**TRY IT:**
Reproduce word for word the lines between those holding "Asia Best Healthcare" and "20m PKM-20 F1", inclusive, and nothing else from the data below.
##### ENTRIES SHOWN
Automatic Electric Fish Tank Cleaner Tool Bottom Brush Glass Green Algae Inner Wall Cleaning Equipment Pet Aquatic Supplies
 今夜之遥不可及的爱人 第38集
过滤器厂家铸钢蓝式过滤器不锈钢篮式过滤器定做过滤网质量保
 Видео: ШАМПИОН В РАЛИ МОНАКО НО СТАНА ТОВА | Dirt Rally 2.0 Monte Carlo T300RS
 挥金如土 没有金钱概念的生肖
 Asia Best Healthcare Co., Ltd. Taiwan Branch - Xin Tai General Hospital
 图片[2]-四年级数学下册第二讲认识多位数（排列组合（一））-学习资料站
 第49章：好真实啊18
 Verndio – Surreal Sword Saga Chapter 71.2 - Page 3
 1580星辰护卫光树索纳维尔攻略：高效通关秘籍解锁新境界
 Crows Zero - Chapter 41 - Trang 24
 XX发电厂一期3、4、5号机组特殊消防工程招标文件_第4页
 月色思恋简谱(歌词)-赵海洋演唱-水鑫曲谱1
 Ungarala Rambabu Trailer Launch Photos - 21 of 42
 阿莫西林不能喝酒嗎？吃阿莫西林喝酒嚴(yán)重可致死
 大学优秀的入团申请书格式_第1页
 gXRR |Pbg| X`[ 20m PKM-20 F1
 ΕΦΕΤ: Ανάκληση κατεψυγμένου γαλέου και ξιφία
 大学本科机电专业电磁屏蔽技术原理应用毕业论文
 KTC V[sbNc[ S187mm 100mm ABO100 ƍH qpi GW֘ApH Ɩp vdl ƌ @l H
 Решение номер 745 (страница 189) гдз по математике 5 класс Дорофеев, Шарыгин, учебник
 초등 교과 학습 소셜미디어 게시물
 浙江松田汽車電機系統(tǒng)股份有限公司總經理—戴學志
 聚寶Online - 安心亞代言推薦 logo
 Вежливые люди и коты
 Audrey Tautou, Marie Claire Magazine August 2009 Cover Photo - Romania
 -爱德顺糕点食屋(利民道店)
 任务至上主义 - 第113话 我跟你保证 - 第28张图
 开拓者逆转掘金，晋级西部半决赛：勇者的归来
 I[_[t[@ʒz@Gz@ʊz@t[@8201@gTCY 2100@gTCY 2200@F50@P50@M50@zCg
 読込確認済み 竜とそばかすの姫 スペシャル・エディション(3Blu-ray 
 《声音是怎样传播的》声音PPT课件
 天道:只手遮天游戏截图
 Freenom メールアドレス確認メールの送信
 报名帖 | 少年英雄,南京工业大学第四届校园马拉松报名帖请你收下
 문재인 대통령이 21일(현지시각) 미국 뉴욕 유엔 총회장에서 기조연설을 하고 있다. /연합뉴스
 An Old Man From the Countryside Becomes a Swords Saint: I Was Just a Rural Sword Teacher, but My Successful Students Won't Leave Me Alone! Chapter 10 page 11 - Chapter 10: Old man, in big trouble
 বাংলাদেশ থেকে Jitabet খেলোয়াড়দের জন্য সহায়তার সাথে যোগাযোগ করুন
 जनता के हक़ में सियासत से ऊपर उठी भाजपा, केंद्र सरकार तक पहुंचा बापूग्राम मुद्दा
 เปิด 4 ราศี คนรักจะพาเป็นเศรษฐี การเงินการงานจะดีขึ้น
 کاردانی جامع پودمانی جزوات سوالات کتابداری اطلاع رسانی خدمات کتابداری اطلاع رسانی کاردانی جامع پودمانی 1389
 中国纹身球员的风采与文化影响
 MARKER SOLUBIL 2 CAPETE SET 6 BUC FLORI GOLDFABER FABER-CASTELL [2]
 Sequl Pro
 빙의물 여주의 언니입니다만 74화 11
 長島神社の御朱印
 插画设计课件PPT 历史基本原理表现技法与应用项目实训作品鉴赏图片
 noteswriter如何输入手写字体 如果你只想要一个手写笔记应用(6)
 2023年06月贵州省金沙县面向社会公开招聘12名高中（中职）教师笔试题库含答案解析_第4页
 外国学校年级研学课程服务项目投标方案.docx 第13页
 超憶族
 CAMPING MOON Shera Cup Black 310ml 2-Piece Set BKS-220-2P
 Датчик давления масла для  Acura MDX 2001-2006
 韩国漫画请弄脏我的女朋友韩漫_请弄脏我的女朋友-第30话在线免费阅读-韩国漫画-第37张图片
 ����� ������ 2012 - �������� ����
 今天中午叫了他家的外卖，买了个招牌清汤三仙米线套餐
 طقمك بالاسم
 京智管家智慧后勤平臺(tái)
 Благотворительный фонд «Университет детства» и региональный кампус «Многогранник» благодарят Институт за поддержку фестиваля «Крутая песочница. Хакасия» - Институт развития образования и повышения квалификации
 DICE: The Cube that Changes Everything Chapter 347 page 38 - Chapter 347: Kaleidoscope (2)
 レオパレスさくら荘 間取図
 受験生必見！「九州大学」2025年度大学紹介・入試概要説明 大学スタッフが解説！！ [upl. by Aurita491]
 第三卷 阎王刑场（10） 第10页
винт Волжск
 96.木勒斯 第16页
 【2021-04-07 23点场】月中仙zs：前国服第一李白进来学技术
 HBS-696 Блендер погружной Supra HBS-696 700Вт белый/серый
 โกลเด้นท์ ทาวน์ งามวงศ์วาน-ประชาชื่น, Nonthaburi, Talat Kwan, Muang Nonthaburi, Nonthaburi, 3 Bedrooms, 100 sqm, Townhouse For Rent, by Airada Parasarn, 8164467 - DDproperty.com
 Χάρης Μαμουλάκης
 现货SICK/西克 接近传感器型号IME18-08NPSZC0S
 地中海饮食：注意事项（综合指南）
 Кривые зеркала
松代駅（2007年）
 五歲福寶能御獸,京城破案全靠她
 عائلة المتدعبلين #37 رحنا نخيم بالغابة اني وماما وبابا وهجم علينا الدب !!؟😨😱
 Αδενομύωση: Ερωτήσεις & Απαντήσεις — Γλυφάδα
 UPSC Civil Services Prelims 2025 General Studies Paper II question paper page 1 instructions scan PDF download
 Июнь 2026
##########
**RESPONSE TO THE EXERCISE:**
 Asia Best Healthcare Co., Ltd. Taiwan Branch - Xin Tai General Hospital
 图片[2]-四年级数学下册第二讲认识多位数（排列组合（一））-学习资料站
 第49章：好真实啊18
 Verndio – Surreal Sword Saga Chapter 71.2 - Page 3
 1580星辰护卫光树索纳维尔攻略：高效通关秘籍解锁新境界
 Crows Zero - Chapter 41 - Trang 24
 XX发电厂一期3、4、5号机组特殊消防工程招标文件_第4页
 月色思恋简谱(歌词)-赵海洋演唱-水鑫曲谱1
 Ungarala Rambabu Trailer Launch Photos - 21 of 42
 阿莫西林不能喝酒嗎？吃阿莫西林喝酒嚴(yán)重可致死
 大学优秀的入团申请书格式_第1页
 gXRR |Pbg| X`[ 20m PKM-20 F1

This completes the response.